## WHAT YOU WILL DO
Please retype every entry as written, and keep the pictures out.

[Brief descriptive captions]
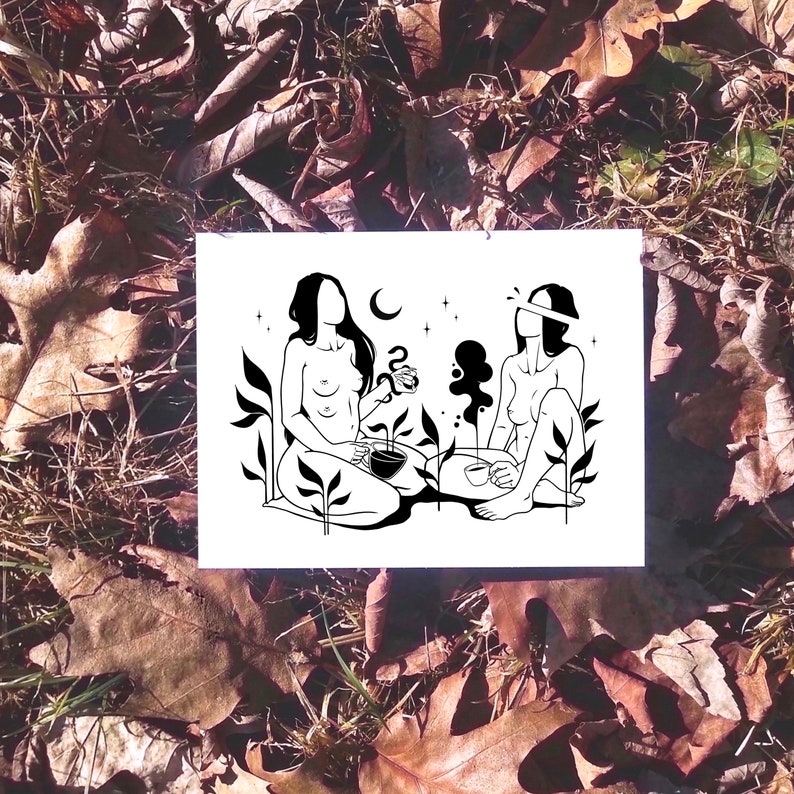 Puede incluir: Ilustraci&oacute;n en blanco y negro de l&iacute;nea de arte de dos figuras sentadas en un entorno de bosque, bebiendo de tazas. Las figuras est&aacute;n desnudas y tienen el pelo largo. El fondo incluye &aacute;rboles, hojas y estrellas.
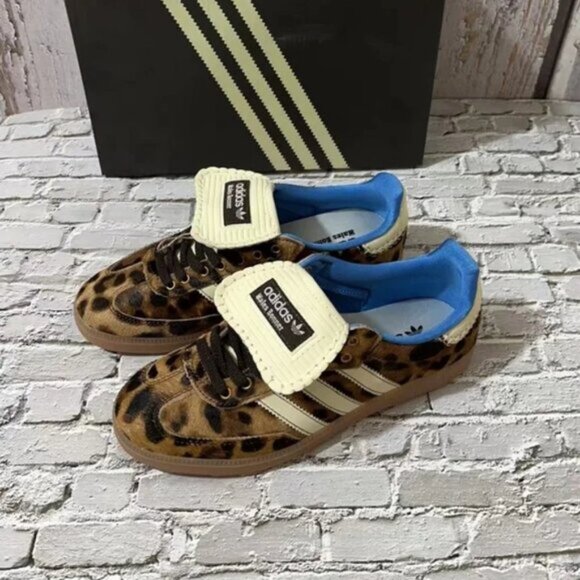 Adidas Samba x Wales Bonner Low Silver Metallic Sneakers - Picture 1 of 10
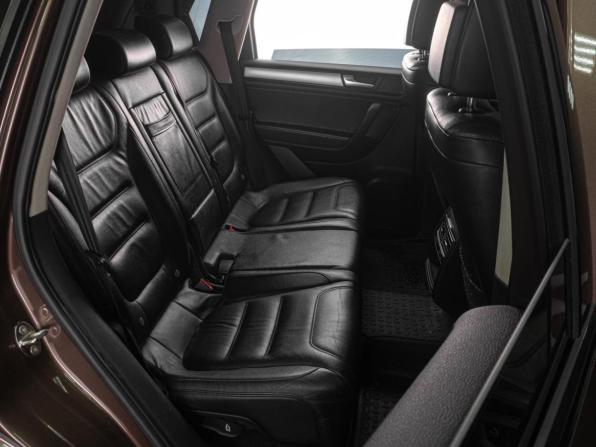 Volkswagen Touareg II с пробегом 2012 года, цена 2 099 000 рублей, 209556 км, внедорожник, Автокод Объявления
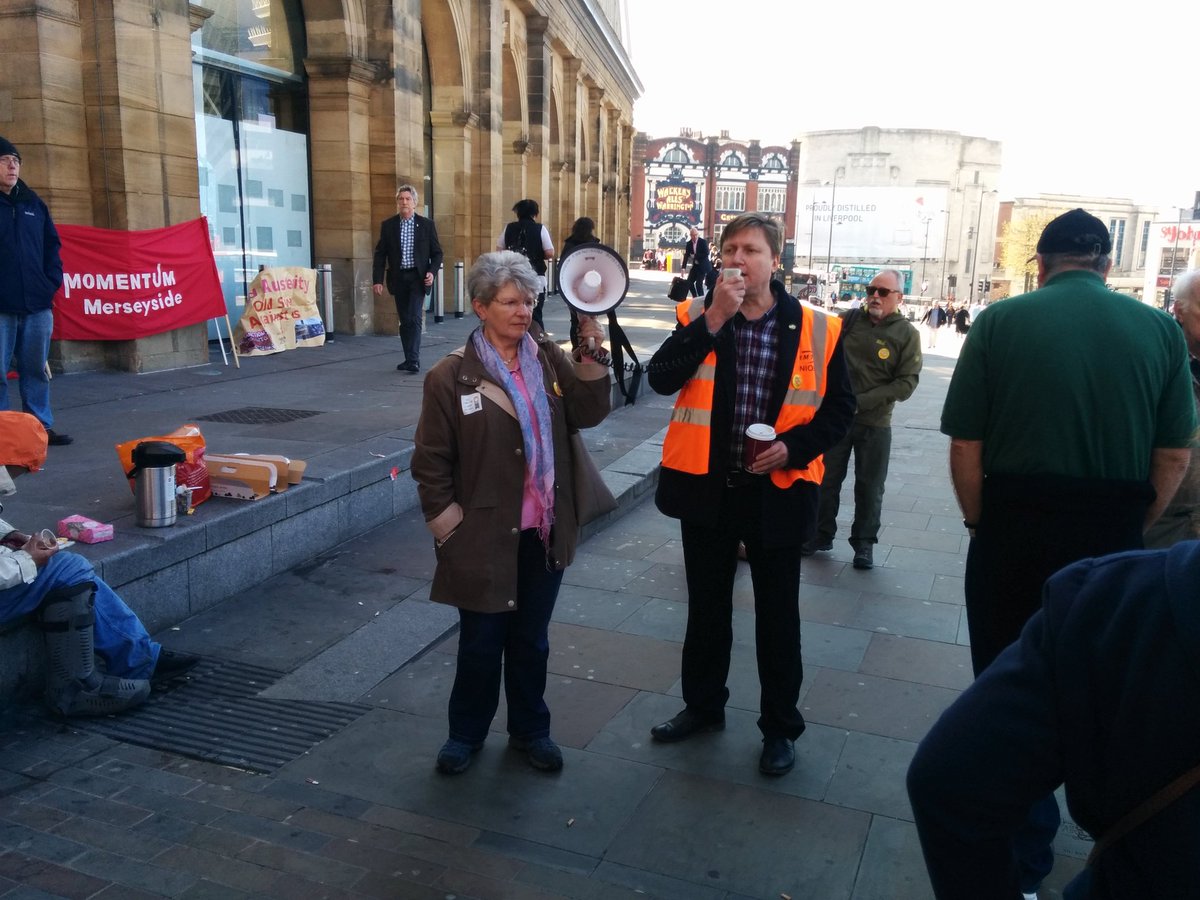 TinaLeesy's tweet photo. Support @RMTunion to protect pur guards #keeptheguardonthetrain #keepthetrainsafe https://t.co/fCHMF4gHMg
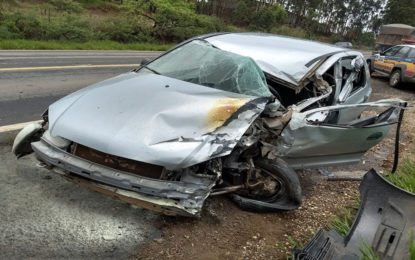 COLISÃO ENTRE CARRETA E CARRO NA BR 265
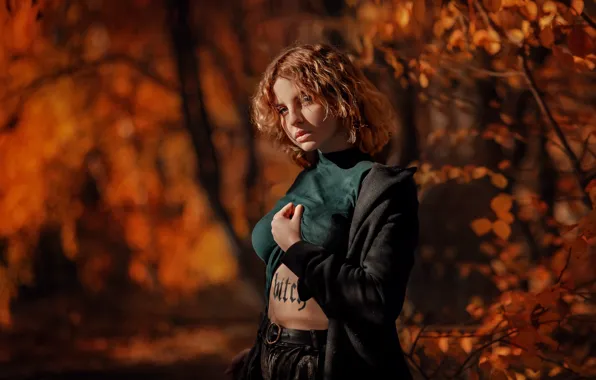 Картинка осень, девушка, природа, поза, татуировка, рыжая, Денис Лыткин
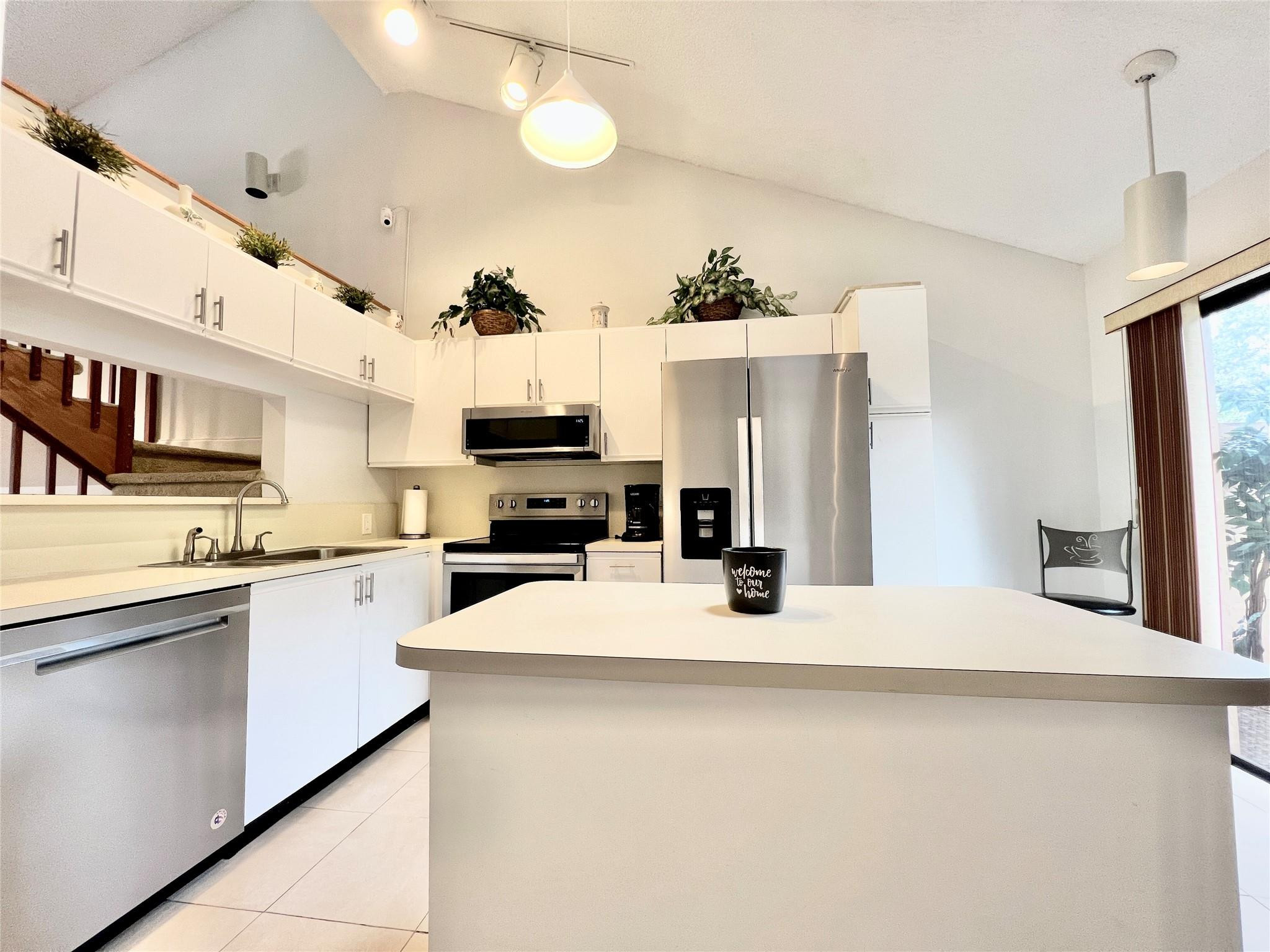 BONAIRE VILLAGE AT WOODMONT 1 - Residential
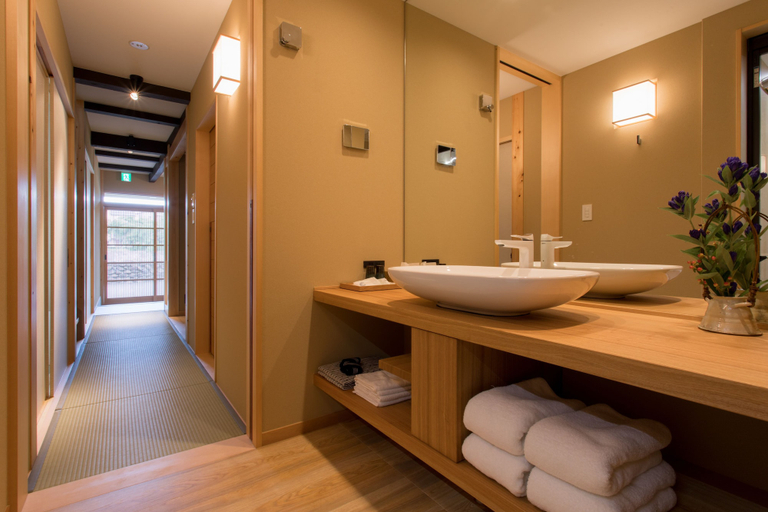 Bathroom 4, Shirasagi Kyoto, Kyoto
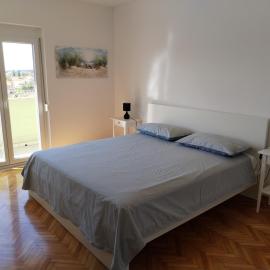 Apartma ZORA, Hotel in Pobegi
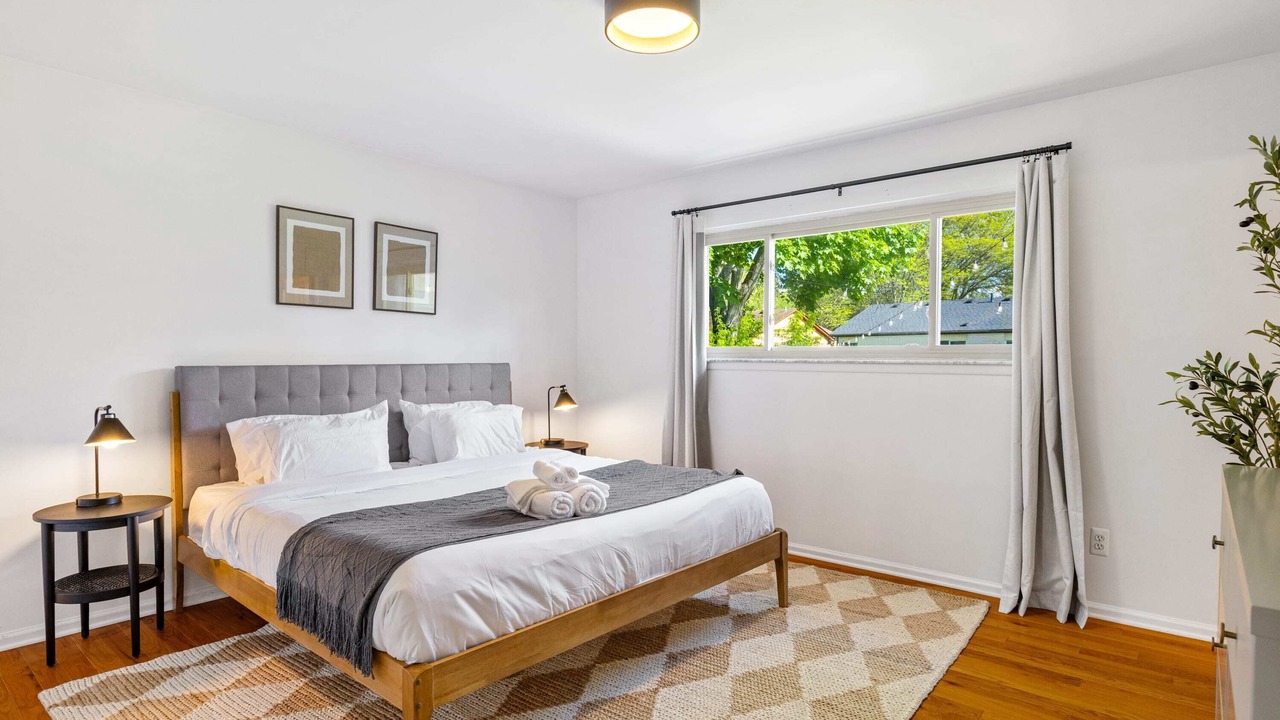 Photo of Bedroom in Troy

## SOLUTION TO THIS TASK
 Puede incluir: Ilustraci&oacute;n en blanco y negro de l&iacute;nea de arte de dos figuras sentadas en un entorno de bosque, bebiendo de tazas. Las figuras est&aacute;n desnudas y tienen el pelo largo. El fondo incluye &aacute;rboles, hojas y estrellas.
 Adidas Samba x Wales Bonner Low Silver Metallic Sneakers - Picture 1 of 10
 Volkswagen Touareg II с пробегом 2012 года, цена 2 099 000 рублей, 209556 км, внедорожник, Автокод Объявления
 TinaLeesy's tweet photo. Support @RMTunion to protect pur guards #keeptheguardonthetrain #keepthetrainsafe https://t.co/fCHMF4gHMg
 COLISÃO ENTRE CARRETA E CARRO NA BR 265
 Картинка осень, девушка, природа, поза, татуировка, рыжая, Денис Лыткин
 BONAIRE VILLAGE AT WOODMONT 1 - Residential
 Bathroom 4, Shirasagi Kyoto, Kyoto
 Apartma ZORA, Hotel in Pobegi
 Photo of Bedroom in Troy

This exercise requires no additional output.